Greek noble family from Crete

The Kallergis (Καλλέργης) is a Greek aristocratic family which claims descent from Byzantine Emperor Nikephoros II Phokas, and were at one stage the most powerful noble family of Crete.

== Origin ==
According to later tradition, Emperor Alexios II Komnenos sent twelve noble families to Crete, in order to strengthen the ties between the island and Constantinople. The families were credited important land and administrative privileges. Ioannis Phokas was one of those 12 Byzantine rulers.

The Phokas name changed to "Kallergis" during the Venetian dominion over Crete, which began in the aftermath of the Fourth Crusade. As Richard von Coudenhove-Kalergi describes in his book An idea conquers the world the Kallergis name is composed of the Greek word kallos (=beauty) and ergon (from ergō="work, task, deed, accomplishment, or purpose") [Greek: Καλλ(ι)έργης > Καλλέργης, known in many versions as Kalergis, Calergis, Kallergi, Callergi, Calergi].

Heraldic ensembles containing the Kallergis family coat of arms (bendy argent and azure) can be found all over the island of Crete, in churches and other monuments. The name reappears many times in the turbulent history of Crete but also of modern Greece.

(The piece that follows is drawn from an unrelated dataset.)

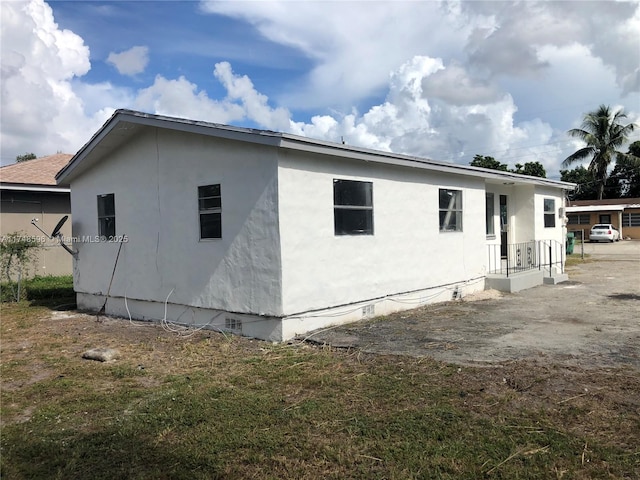 view of side of home featuring crawl space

Their prominent position and privileges survived during the Venetian dominion of Crete as they were part of the "privilegiati" (Greek: Αρχοντορωμαίοι) and sometimes of nobiles Veneti. They served many times the Venetian regime but at the same time defended the welfare of the Cretan people, being involved in several uprisings, most notably the Revolt of Alexios Kallergis in the late 13th century, and Revolt of Saint Titus in 1360s.

During the Venetian dominion and after the Ottoman conquest of the island of Crete (1669 AD) many members of the Kallergis family moved to the Ionian Islands, Euboea, Venice, and Russia. From those immigrations, new branches emerged; such as the Caravia family in the Ionian Islands, the Pikoula or Pikoulianos family in Lakonia, the Bakoyannis family in Agrafa-Eurytania, and others. Also, the Kallergis connected with other European noble families through marriages; such as he Venetian families Vendramin, Crespi, and Grimani. The family is also connected to the Palazzo Vendramin-Calergi, which is found in Venice on the Grand Canal. Victor Callergi bought the famous building on the year 1589 for 36,000 ducats, and now belongs to a Venetian branch of the family which gave its name to it.